Veldhuyzen van Zanten Sander J O, Chiba Naoki, Armstrong David, Barkun Alan, Thomson Alan, Smyth Sandra, Escobedo Sergio, Lee Joanna, Sinclair Paul
Division of Gastroenterology, Dalhousie University, Halifax, Nova Scotia, Canada.
Am J Gastroenterol. 2005 Jul;100(7):1477-88. doi: 10.1111/j.1572-0241.2005.40280.x.
The management of Helicobacter pylori negative patients with dyspepsia in primary care has not been studied in placebo-controlled studies.
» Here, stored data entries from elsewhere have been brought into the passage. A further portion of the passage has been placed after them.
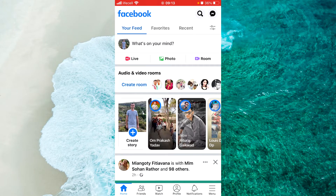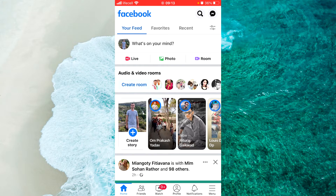Hey guys, in this video I'm going to show you how to enable your birthday Facebook notification for friends in 2022. This is when your birthday comes, your Facebook friend will receive a notification that today is your birthday. So let's get started.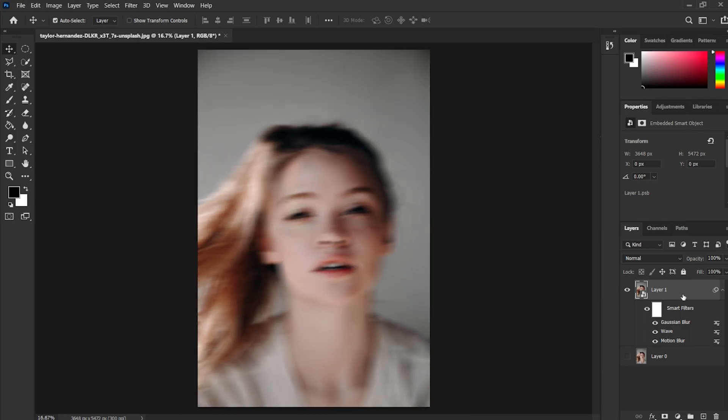If you have followed until now, great job! Now we will add some adjustment layers to give our image the final touch.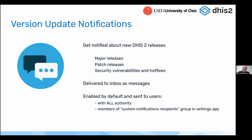To ensure that your implementation is up to date and contains the latest security fixes, it's very important that implementations actually upgrade. To raise awareness of new releases, we decided to build this integrated system for showing version updates. From 2.38, enabled by default, you can now receive messages in your inbox when a new major release or patch release is made available from the DHIS2 core team. Every time we release something new, system administrators of an instance will get a message about these new versions becoming available.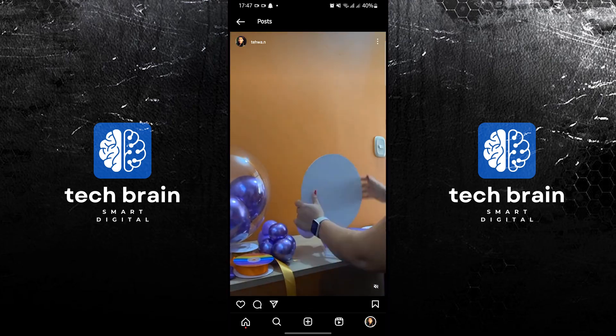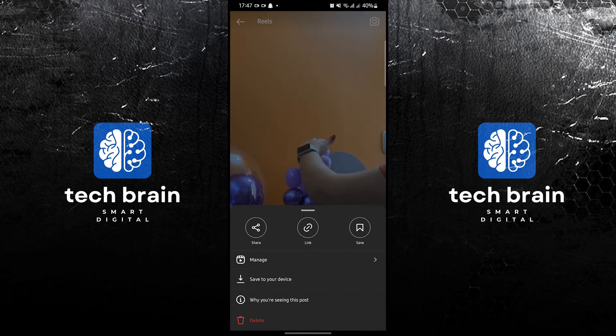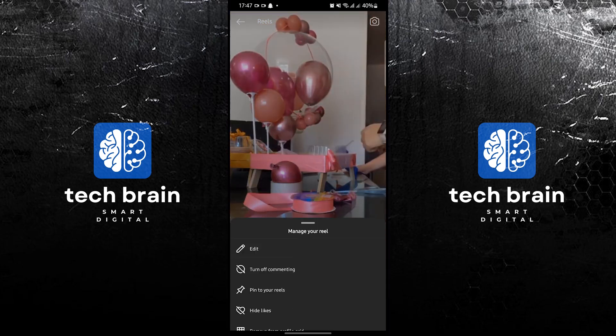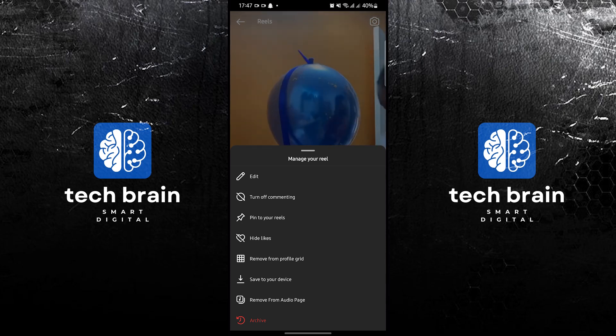For example, this one. Now to archive, tap on the three dots. And then in here, manage your Reel. Now tap on Remove from your profile grid.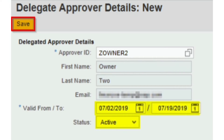In GRC Access Control, this feature enables the delegator to delegate responsibilities to the delegatee for a specific time period. If the delegation is enabled as active, all new access requests coming into the delegator's inbox will also go to the delegatee's inbox. Both the delegator and delegatee can approve or reject the request from their own inbox. The delegatee can see their own work items in the work inbox, plus the newly incoming access requests of the delegator as well.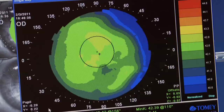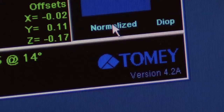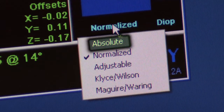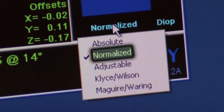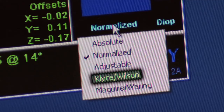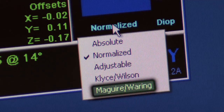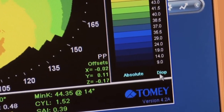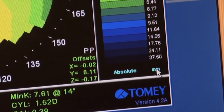The single map displaying the topographic map will appear. The single map can be viewed in the Absolute, Normalized, Adjustable, Kleiss-Wilson, and McGuire-Wearing modes. The scale on the right can be viewed in the Diopter or Millimeter mode.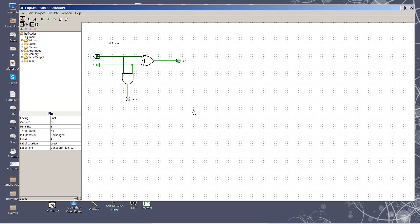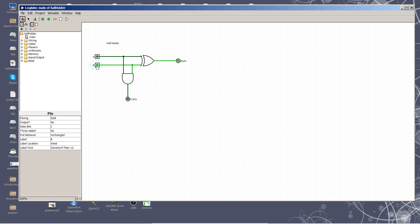We now start looking at doing arithmetic. This circuit is called a half adder. It's not complete, it can't be used to do regular arithmetic, but the idea is here. We have two inputs, A and B, and we have two outputs, the carry and the sum.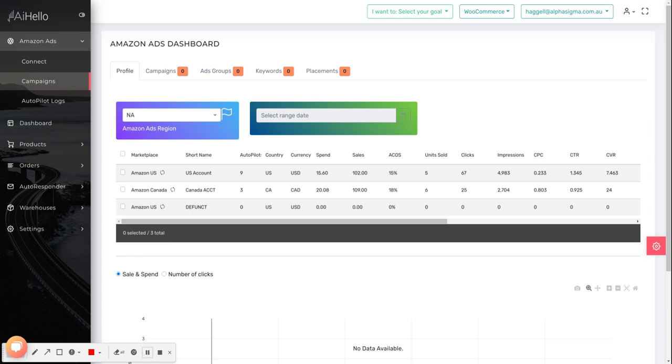We have designed autopilot to be as easy and as streamlined as possible. Once your campaigns have all synced up, head over to the campaigns page. Here you should be able to see all the regions and the profiles that you are connected to.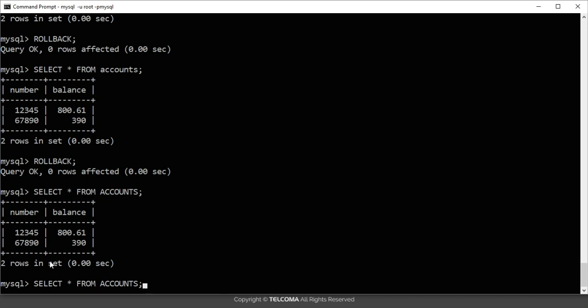This is all about how you can use the BEGIN, COMMIT, and ROLLBACK commands and the transaction process in the MySQL database. Thank you.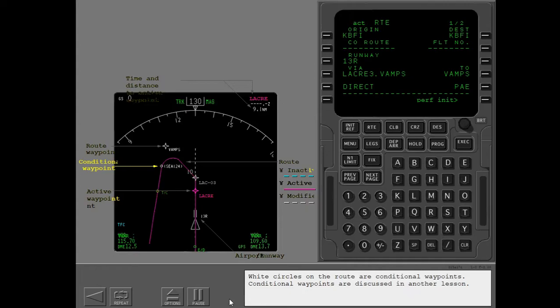White circles on the route are conditional waypoints. Conditional waypoints are discussed in another lesson.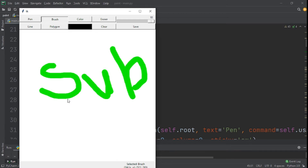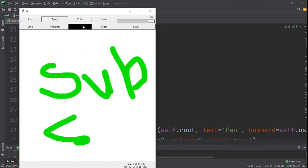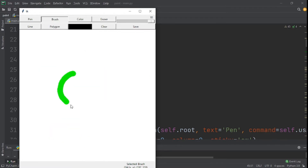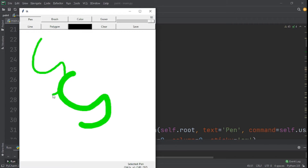Welcome back, hope you all are doing great. This is Part 2 of our GUI paint application with Tkinter. Right now we created the GUI, but this is the finished project. What we need to do now is make our GUI able to do all these things — we should be able to clear, write again, and pick a pen.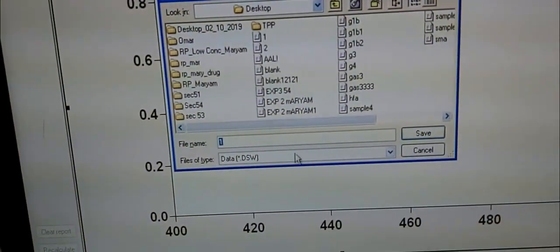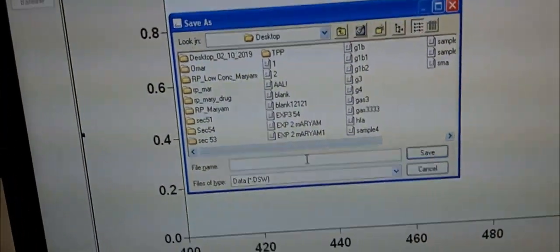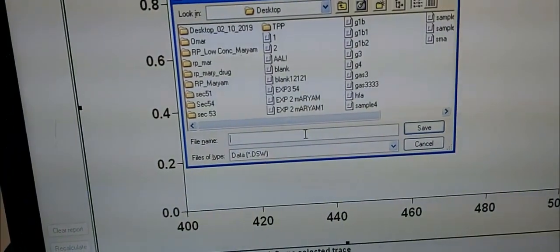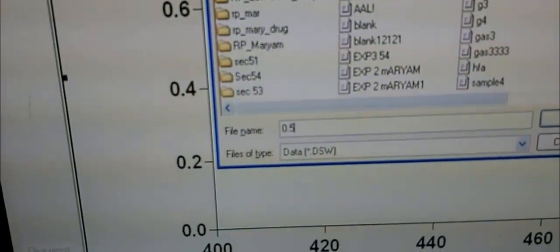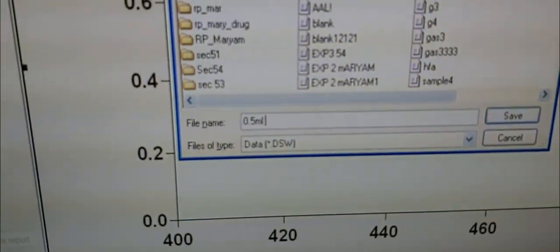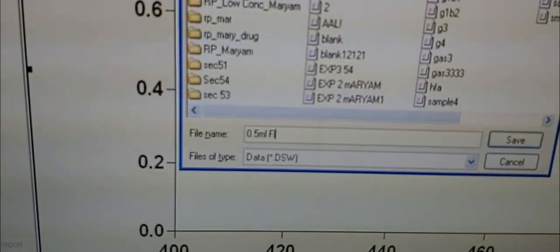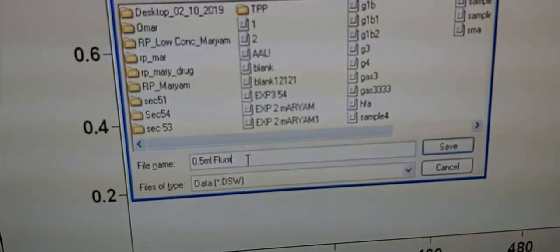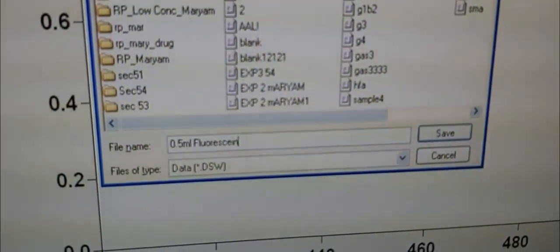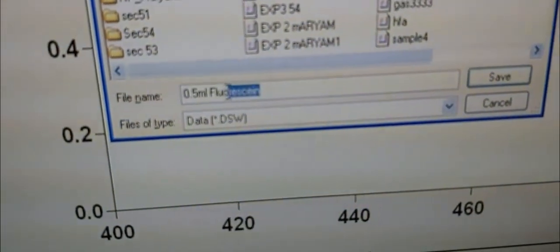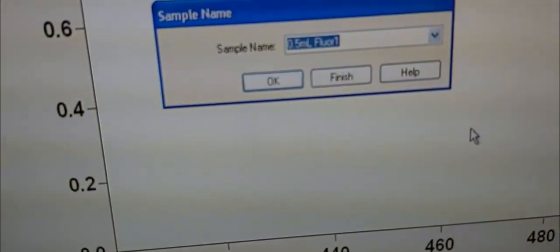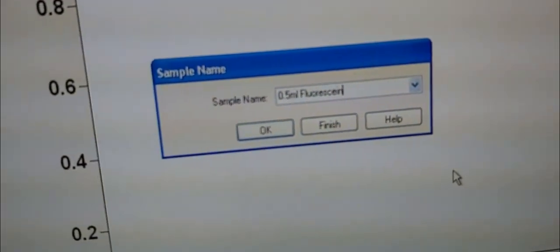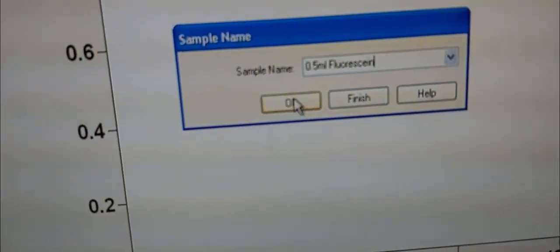We click 'Start' and it will ask us for a name. We put the name — for example, '0.5 mL fluorescein'. I select the name because it will ask me again to confirm. I click 'Save', put in the file name, and click 'OK'. Then in a few seconds the spectra will appear on the screen.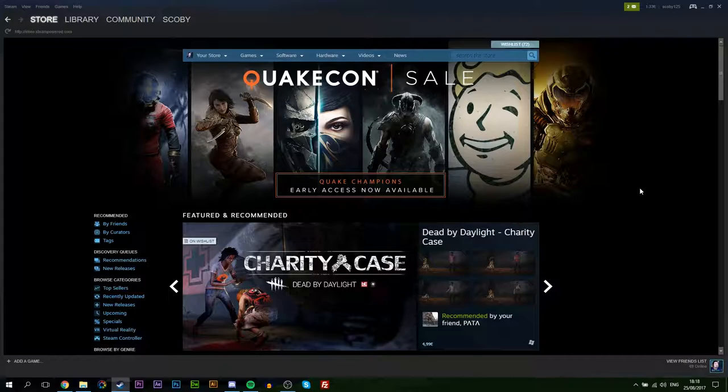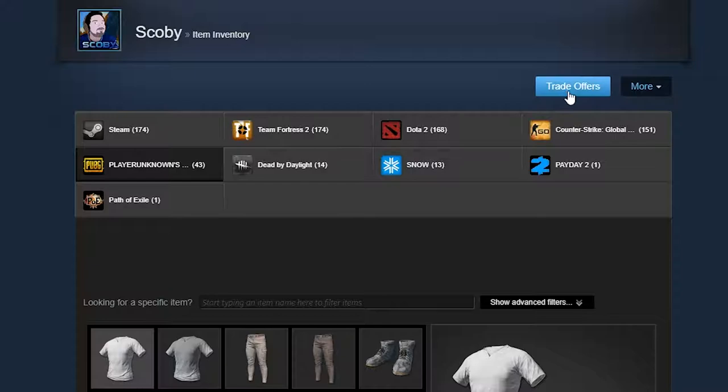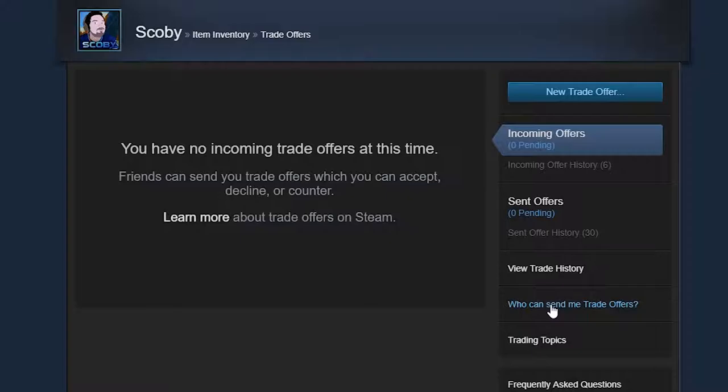To be doing this, we're going to be coming to our Steam profile. We're going to be clicking on our name on the top right and we're going to be coming to inventory. Once your inventory has loaded up, we're going to be clicking on trade offers on the right hand side. And then down here, we're going to be looking for who can send me trade offers.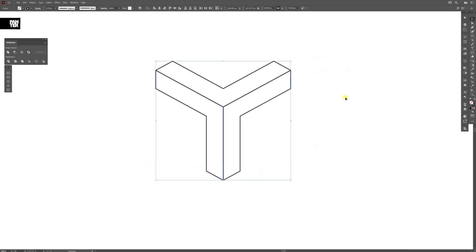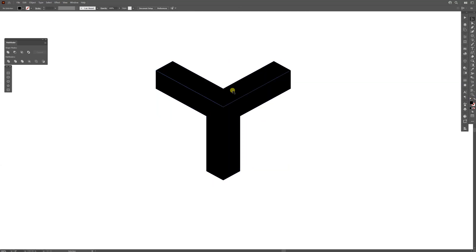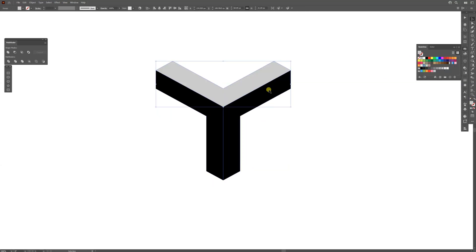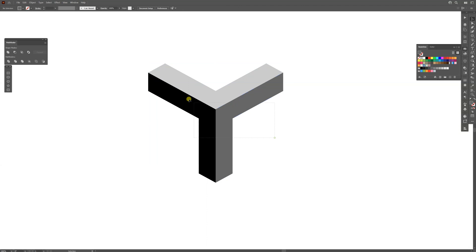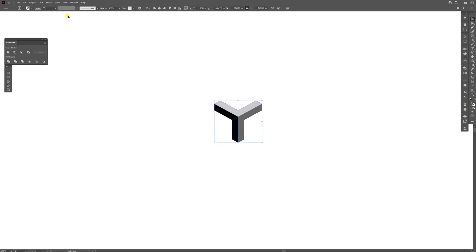I'm going to swap it from stroke to fill. I'm going to click on the swap here and I'm going to recolor them. I'm going to make it light gray and select all, right-click Group.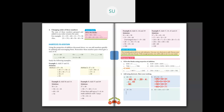Third problem: 19 plus 34. The 9 in 19 and the 4 in 34 would require regrouping if added directly. Instead, the number pair to 4 is 6, so split 9 as 3 plus 6. That gives 10 plus 3 plus 6 plus 34. Add 34 plus 6 to get 40, then 10 plus 40 plus 3 equals 50 plus 3 equals 53. So 19 plus 34 equals 53.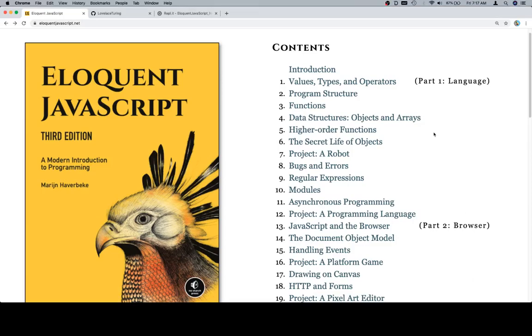Hey everybody, welcome all and back. This is the read-through of Eloquent JavaScript. And we've got a couple of housekeeping issues to attend to before we get to chapter 2.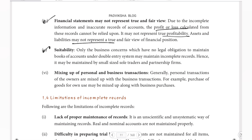The fifth feature is suitability. Only business concerns that have no legal obligation to maintain books of accounts under the double entry system may maintain incomplete records. Hence, it may be maintained by small-sized sole traders and partnership firms, as they have no legal obligation to follow double entry system.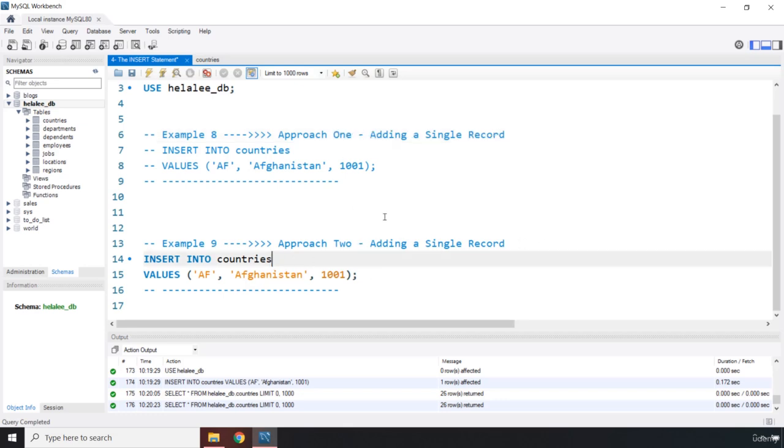So it is approach two. And I'm going to say approach one. This is adding a single record. So in the second approach, the way that you can add another record is in front of the table name, you specify the table columns. Now, it is a little bit more work. But it is actually a good practice because you can see your table names. And that way, you're not confused at what it is that you want to insert.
H. pylori negative patients with dyspepsia symptoms of at least moderate severity (> or =4 on a seven-point Likert scale) were recruited from 35 centers. Patients were randomized to a 4-wk treatment of omeprazole 20 mg od, ranitidine 150 mg bid, cisapride 20 mg bid, or placebo, followed by on-demand therapy for an additional 5 months. Treatment success was defined as no or minimal symptoms (score < or = 2 out of 7), and was assessed after 4 wk and at 6 months.
Five hundred and twelve patients were randomized and included in the intention-to-treat (ITT) analysis. At 4 wk, success rates (95% CI) were: omeprazole 51% (69/135; 43-60%), ranitidine 36% (50/139, 28-44%), cisapride 31% (32/105, 22-39%), and placebo 23% (31/133, 16-31%). Omeprazole was significantly better than all other treatments (p < 0.05). The proportion of patients who were responders at 4 wk and at 6 months was significantly greater for those receiving omeprazole 31% (42/135, 23-39%) compared with cisapride 13% (14/105, 7-20%), and placebo 14% (18/133, 8-20%) (p= 0.001), but not ranitidine 21% (29/139, 14-27%) (p= 0.053). The mean number of on-demand study tablets consumed and rescue antacid used was comparable across groups. Economic analysis showed a trade-off between superior efficacy and increased cost between omeprazole and ranitidine.
Treatment with omeprazole provides superior symptom relief compared to ranitidine, cisapride, and placebo in the treatment of H. pylori negative primary care dyspepsia patients.
在初级保健中,针对幽门螺杆菌阴性的消化不良患者的管理尚未在安慰剂对照研究中得到研究。
从35个中心招募了幽门螺杆菌阴性且消化不良症状至少为中度严重程度(在七点李克特量表上≥4分)的患者。患者被随机分配接受为期4周的治疗,治疗药物分别为:奥美拉唑20毫克每日一次、雷尼替丁150毫克每日两次、西沙必利20毫克每日两次或安慰剂,随后进行为期5个月的按需治疗。治疗成功定义为无或仅有轻微症状(评分≤2分(满分7分)),并在4周和6个月后进行评估。
512名患者被随机分组并纳入意向性治疗(ITT)分析。在4周时,成功率(95%置信区间)分别为:奥美拉唑51%(69/135;43 - 60%)、雷尼替丁36%(50/139,28 - 44%)、西沙必利31%(32/105,22 - 39%)和安慰剂23%(31/133,16 - 31%)。奥美拉唑明显优于所有其他治疗方法(p < 0.05)。与接受西沙必利治疗的患者13%(14/105,7 - 20%)和接受安慰剂治疗的患者14%(18/133,8 - 20%)相比,接受奥美拉唑治疗的患者在4周和6个月时出现反应的比例明显更高(31%(42/135,23 - 39%))(p = 0.001),但与接受雷尼替丁治疗的患者21%(29/139,14 - 27%)相比无显著差异(p = 0.053)。各组按需服用的研究药物片数和使用的急救抗酸剂数量均值相当。经济分析表明,奥美拉唑和雷尼替丁在疗效优势和成本增加之间存在权衡。
在治疗幽门螺杆菌阴性的初级保健消化不良患者方面,与雷尼替丁、西沙必利和安慰剂相比,奥美拉唑治疗能更有效地缓解症状。